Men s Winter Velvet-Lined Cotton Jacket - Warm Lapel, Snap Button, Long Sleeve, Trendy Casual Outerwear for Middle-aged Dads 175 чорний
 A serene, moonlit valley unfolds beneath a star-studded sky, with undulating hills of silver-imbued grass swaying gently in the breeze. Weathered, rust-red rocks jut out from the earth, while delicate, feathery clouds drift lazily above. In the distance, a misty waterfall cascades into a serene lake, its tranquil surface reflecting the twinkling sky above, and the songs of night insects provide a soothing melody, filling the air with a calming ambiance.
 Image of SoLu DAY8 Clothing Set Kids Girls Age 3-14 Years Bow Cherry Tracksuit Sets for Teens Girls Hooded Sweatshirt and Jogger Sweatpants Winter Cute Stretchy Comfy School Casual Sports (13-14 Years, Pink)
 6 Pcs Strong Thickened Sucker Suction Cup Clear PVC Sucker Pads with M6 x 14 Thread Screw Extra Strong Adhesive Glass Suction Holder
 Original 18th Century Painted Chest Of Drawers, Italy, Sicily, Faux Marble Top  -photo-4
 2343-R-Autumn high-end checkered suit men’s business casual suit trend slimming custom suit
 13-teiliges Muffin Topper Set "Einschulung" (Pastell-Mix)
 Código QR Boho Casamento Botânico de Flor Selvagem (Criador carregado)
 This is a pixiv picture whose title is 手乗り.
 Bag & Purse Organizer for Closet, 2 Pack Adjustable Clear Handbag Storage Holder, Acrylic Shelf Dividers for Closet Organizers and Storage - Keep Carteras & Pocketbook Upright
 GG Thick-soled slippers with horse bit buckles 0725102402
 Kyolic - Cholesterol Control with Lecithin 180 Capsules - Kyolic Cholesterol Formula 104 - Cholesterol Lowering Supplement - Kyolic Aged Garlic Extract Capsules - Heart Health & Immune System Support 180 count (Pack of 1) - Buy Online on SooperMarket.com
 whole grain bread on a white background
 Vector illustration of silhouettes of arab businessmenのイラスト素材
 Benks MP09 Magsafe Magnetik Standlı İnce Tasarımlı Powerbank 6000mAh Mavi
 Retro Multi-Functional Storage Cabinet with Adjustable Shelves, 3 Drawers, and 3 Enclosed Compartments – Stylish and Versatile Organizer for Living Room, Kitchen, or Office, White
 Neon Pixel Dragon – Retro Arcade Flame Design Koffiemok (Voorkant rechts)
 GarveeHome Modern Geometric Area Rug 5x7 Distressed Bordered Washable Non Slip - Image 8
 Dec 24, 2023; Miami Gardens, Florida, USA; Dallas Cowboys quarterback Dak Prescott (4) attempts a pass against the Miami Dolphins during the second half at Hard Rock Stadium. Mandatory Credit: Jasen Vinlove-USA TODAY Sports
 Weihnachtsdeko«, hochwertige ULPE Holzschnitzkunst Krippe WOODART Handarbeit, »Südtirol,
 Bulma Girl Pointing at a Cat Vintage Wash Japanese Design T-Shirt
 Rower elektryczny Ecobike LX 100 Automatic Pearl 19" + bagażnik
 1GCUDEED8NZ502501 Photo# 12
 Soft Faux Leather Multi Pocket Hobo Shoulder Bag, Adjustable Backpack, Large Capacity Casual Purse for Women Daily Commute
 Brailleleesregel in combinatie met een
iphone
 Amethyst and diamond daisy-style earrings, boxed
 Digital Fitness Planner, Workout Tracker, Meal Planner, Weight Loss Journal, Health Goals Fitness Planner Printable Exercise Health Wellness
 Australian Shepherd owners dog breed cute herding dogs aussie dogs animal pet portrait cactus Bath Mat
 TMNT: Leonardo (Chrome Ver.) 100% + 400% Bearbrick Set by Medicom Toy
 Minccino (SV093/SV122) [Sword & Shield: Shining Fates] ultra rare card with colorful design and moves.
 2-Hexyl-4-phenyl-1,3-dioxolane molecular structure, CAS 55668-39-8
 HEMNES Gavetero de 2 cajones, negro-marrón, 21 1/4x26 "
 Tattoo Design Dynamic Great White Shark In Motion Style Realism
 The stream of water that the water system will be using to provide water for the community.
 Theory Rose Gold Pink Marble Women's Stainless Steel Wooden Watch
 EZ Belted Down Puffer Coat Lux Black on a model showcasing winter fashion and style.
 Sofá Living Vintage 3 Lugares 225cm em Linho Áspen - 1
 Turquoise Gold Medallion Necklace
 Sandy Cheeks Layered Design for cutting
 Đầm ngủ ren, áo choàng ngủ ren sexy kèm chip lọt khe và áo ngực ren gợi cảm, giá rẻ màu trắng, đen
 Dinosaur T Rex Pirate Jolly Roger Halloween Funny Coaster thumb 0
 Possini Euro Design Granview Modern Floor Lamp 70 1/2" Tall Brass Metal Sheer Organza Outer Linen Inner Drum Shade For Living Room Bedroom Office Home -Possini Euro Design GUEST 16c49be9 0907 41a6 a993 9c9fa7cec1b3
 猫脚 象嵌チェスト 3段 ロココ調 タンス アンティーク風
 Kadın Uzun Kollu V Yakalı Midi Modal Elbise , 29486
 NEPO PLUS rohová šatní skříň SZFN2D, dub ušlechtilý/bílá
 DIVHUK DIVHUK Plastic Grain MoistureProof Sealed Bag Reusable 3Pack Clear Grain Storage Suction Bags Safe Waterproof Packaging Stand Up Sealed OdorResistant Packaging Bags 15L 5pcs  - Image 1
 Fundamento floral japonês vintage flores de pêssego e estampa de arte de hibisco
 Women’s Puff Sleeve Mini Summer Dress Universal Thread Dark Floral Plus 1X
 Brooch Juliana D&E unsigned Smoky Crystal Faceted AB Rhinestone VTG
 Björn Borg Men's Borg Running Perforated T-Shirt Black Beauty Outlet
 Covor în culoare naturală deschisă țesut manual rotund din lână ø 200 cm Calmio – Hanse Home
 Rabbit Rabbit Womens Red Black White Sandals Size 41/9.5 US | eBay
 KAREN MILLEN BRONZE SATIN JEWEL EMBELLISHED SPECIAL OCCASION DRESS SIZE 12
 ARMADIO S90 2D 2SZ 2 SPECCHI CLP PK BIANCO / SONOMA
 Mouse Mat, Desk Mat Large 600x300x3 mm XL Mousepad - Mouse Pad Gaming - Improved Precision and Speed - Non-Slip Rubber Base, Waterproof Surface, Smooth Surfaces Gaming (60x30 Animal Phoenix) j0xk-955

* [What you will do]:
Output the material in full, exactly as it appears.

* [Completed task]:
Men s Winter Velvet-Lined Cotton Jacket - Warm Lapel, Snap Button, Long Sleeve, Trendy Casual Outerwear for Middle-aged Dads 175 чорний
 A serene, moonlit valley unfolds beneath a star-studded sky, with undulating hills of silver-imbued grass swaying gently in the breeze. Weathered, rust-red rocks jut out from the earth, while delicate, feathery clouds drift lazily above. In the distance, a misty waterfall cascades into a serene lake, its tranquil surface reflecting the twinkling sky above, and the songs of night insects provide a soothing melody, filling the air with a calming ambiance.
 Image of SoLu DAY8 Clothing Set Kids Girls Age 3-14 Years Bow Cherry Tracksuit Sets for Teens Girls Hooded Sweatshirt and Jogger Sweatpants Winter Cute Stretchy Comfy School Casual Sports (13-14 Years, Pink)
 6 Pcs Strong Thickened Sucker Suction Cup Clear PVC Sucker Pads with M6 x 14 Thread Screw Extra Strong Adhesive Glass Suction Holder
 Original 18th Century Painted Chest Of Drawers, Italy, Sicily, Faux Marble Top  -photo-4
 2343-R-Autumn high-end checkered suit men’s business casual suit trend slimming custom suit
 13-teiliges Muffin Topper Set "Einschulung" (Pastell-Mix)
 Código QR Boho Casamento Botânico de Flor Selvagem (Criador carregado)
 This is a pixiv picture whose title is 手乗り.
 Bag & Purse Organizer for Closet, 2 Pack Adjustable Clear Handbag Storage Holder, Acrylic Shelf Dividers for Closet Organizers and Storage - Keep Carteras & Pocketbook Upright
 GG Thick-soled slippers with horse bit buckles 0725102402
 Kyolic - Cholesterol Control with Lecithin 180 Capsules - Kyolic Cholesterol Formula 104 - Cholesterol Lowering Supplement - Kyolic Aged Garlic Extract Capsules - Heart Health & Immune System Support 180 count (Pack of 1) - Buy Online on SooperMarket.com
 whole grain bread on a white background
 Vector illustration of silhouettes of arab businessmenのイラスト素材
 Benks MP09 Magsafe Magnetik Standlı İnce Tasarımlı Powerbank 6000mAh Mavi
 Retro Multi-Functional Storage Cabinet with Adjustable Shelves, 3 Drawers, and 3 Enclosed Compartments – Stylish and Versatile Organizer for Living Room, Kitchen, or Office, White
 Neon Pixel Dragon – Retro Arcade Flame Design Koffiemok (Voorkant rechts)
 GarveeHome Modern Geometric Area Rug 5x7 Distressed Bordered Washable Non Slip - Image 8
 Dec 24, 2023; Miami Gardens, Florida, USA; Dallas Cowboys quarterback Dak Prescott (4) attempts a pass against the Miami Dolphins during the second half at Hard Rock Stadium. Mandatory Credit: Jasen Vinlove-USA TODAY Sports
 Weihnachtsdeko«, hochwertige ULPE Holzschnitzkunst Krippe WOODART Handarbeit, »Südtirol,
 Bulma Girl Pointing at a Cat Vintage Wash Japanese Design T-Shirt
 Rower elektryczny Ecobike LX 100 Automatic Pearl 19" + bagażnik
 1GCUDEED8NZ502501 Photo# 12
 Soft Faux Leather Multi Pocket Hobo Shoulder Bag, Adjustable Backpack, Large Capacity Casual Purse for Women Daily Commute
 Brailleleesregel in combinatie met een
iphone
 Amethyst and diamond daisy-style earrings, boxed
 Digital Fitness Planner, Workout Tracker, Meal Planner, Weight Loss Journal, Health Goals Fitness Planner Printable Exercise Health Wellness
 Australian Shepherd owners dog breed cute herding dogs aussie dogs animal pet portrait cactus Bath Mat
 TMNT: Leonardo (Chrome Ver.) 100% + 400% Bearbrick Set by Medicom Toy
 Minccino (SV093/SV122) [Sword & Shield: Shining Fates] ultra rare card with colorful design and moves.
 2-Hexyl-4-phenyl-1,3-dioxolane molecular structure, CAS 55668-39-8
 HEMNES Gavetero de 2 cajones, negro-marrón, 21 1/4x26 "
 Tattoo Design Dynamic Great White Shark In Motion Style Realism
 The stream of water that the water system will be using to provide water for the community.
 Theory Rose Gold Pink Marble Women's Stainless Steel Wooden Watch
 EZ Belted Down Puffer Coat Lux Black on a model showcasing winter fashion and style.
 Sofá Living Vintage 3 Lugares 225cm em Linho Áspen - 1
 Turquoise Gold Medallion Necklace
 Sandy Cheeks Layered Design for cutting
 Đầm ngủ ren, áo choàng ngủ ren sexy kèm chip lọt khe và áo ngực ren gợi cảm, giá rẻ màu trắng, đen
 Dinosaur T Rex Pirate Jolly Roger Halloween Funny Coaster thumb 0
 Possini Euro Design Granview Modern Floor Lamp 70 1/2" Tall Brass Metal Sheer Organza Outer Linen Inner Drum Shade For Living Room Bedroom Office Home -Possini Euro Design GUEST 16c49be9 0907 41a6 a993 9c9fa7cec1b3
 猫脚 象嵌チェスト 3段 ロココ調 タンス アンティーク風
 Kadın Uzun Kollu V Yakalı Midi Modal Elbise , 29486
 NEPO PLUS rohová šatní skříň SZFN2D, dub ušlechtilý/bílá
 DIVHUK DIVHUK Plastic Grain MoistureProof Sealed Bag Reusable 3Pack Clear Grain Storage Suction Bags Safe Waterproof Packaging Stand Up Sealed OdorResistant Packaging Bags 15L 5pcs  - Image 1
 Fundamento floral japonês vintage flores de pêssego e estampa de arte de hibisco
 Women’s Puff Sleeve Mini Summer Dress Universal Thread Dark Floral Plus 1X
 Brooch Juliana D&E unsigned Smoky Crystal Faceted AB Rhinestone VTG
 Björn Borg Men's Borg Running Perforated T-Shirt Black Beauty Outlet
 Covor în culoare naturală deschisă țesut manual rotund din lână ø 200 cm Calmio – Hanse Home
 Rabbit Rabbit Womens Red Black White Sandals Size 41/9.5 US | eBay
 KAREN MILLEN BRONZE SATIN JEWEL EMBELLISHED SPECIAL OCCASION DRESS SIZE 12
 ARMADIO S90 2D 2SZ 2 SPECCHI CLP PK BIANCO / SONOMA
 Mouse Mat, Desk Mat Large 600x300x3 mm XL Mousepad - Mouse Pad Gaming - Improved Precision and Speed - Non-Slip Rubber Base, Waterproof Surface, Smooth Surfaces Gaming (60x30 Animal Phoenix) j0xk-955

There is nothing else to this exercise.